While Al Gore and George Bush prepare for the first of four nationally televised debates Tuesday evening, Hagelin hovers below the public radar. He was in Boulder and Denver on Sunday for a book signing and speech. Today, he will speak at the University of Denver at 10 a.m. and at the Boulder Theater at 7 p.m. Hagelin said Gore and Bush fear the presence of independent candidates.
"They are afraid of these ideas and they are afraid of losing votes," Hagelin said. Hagelin is trying to form a coalition of independent parties that he thinks could eventually break down the walls of the "duopoly." He said such a coalition, which would include the Reform Party's best candidates as well as those of the Green Party, could be a reality for the 2004 election.
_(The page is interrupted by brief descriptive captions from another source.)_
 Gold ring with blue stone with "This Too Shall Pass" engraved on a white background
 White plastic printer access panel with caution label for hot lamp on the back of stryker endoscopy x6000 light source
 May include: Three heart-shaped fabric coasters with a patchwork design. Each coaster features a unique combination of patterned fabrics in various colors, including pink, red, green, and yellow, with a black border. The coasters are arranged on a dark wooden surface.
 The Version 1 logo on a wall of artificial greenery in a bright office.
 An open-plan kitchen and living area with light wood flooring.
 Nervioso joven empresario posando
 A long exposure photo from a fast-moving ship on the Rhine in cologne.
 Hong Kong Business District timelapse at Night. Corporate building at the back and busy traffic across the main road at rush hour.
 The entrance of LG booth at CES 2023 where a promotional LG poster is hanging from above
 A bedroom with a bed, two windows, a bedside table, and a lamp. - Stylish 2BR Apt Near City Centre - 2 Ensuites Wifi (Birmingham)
"We are trying to give a voice to the 50 million registered independent voters who don't have a home and beyond that to the 115 million who don't vote," Hagelin said. "There is a growing need for a voice that speaks to the vast majority of voters." ...
Hagelin is on the ballot in 44 states, including Colorado. He is on the ballot under the Natural Law Party in 37 states, the Reform Party in six and the Independent Party in New York. He is on the Colorado ballot under the Natural Law Party.